**DESCRIPTION OF THE TASK:** Each line below with the string "results" should be copied.

**SOURCE MATERIAL:**
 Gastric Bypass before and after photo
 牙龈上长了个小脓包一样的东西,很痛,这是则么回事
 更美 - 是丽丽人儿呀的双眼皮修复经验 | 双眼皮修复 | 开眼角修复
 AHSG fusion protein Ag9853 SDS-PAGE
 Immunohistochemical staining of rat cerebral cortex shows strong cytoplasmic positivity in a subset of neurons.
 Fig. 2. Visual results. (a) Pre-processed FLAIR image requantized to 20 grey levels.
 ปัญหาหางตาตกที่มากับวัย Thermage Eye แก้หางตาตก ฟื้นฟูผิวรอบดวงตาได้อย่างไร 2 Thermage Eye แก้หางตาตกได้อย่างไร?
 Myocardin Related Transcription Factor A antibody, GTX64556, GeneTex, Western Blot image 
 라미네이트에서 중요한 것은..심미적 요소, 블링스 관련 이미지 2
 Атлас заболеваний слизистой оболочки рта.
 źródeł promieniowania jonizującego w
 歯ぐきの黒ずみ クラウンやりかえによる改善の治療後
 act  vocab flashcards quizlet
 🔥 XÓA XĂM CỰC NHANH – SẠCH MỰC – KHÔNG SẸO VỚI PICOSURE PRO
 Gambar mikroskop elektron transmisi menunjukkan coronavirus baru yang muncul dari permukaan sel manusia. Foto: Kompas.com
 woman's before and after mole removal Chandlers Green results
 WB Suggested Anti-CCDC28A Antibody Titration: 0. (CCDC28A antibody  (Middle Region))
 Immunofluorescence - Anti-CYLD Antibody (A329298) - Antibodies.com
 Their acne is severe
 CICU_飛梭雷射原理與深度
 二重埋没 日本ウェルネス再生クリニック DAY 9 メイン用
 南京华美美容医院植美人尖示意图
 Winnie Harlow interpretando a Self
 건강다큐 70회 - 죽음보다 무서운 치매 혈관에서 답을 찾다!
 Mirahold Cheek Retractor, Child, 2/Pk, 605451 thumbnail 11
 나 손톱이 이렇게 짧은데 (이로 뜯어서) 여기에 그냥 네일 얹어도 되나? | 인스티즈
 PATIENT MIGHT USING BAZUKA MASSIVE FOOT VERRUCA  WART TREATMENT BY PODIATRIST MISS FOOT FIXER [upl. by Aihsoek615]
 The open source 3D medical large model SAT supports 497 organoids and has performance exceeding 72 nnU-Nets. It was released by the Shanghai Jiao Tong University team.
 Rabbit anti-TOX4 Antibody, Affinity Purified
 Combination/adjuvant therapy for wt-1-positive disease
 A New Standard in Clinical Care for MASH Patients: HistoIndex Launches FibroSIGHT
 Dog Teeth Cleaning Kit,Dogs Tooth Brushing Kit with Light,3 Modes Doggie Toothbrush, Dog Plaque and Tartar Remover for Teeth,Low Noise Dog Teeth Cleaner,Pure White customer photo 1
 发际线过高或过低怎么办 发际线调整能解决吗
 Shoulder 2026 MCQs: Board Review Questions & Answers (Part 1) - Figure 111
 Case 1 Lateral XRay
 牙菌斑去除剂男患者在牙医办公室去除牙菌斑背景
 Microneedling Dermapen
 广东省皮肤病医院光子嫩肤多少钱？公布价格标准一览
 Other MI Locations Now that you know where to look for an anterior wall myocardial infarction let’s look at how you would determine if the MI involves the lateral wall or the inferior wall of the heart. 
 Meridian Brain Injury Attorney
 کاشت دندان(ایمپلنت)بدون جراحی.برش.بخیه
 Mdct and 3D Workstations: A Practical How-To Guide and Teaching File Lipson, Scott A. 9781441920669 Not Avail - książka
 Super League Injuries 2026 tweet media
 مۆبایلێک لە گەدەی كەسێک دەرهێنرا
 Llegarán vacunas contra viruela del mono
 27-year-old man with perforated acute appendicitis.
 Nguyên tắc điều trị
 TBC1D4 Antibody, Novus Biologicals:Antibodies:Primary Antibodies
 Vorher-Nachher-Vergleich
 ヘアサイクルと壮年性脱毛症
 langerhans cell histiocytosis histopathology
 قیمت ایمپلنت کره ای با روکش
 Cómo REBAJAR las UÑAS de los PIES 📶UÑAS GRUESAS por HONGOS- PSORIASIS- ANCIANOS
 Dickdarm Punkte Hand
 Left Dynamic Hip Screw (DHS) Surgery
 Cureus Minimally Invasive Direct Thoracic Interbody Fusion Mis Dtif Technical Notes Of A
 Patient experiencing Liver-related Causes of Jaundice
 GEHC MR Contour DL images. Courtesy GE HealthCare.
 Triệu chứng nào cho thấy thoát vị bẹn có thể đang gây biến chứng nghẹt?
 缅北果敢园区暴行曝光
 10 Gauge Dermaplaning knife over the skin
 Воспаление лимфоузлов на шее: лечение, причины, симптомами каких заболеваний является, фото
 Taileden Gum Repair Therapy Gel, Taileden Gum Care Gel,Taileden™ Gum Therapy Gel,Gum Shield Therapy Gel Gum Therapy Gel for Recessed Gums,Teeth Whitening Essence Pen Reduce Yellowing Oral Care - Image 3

**WRITTEN SOLUTION:**
 Fig. 2. Visual results. (a) Pre-processed FLAIR image requantized to 20 grey levels.
 woman's before and after mole removal Chandlers Green results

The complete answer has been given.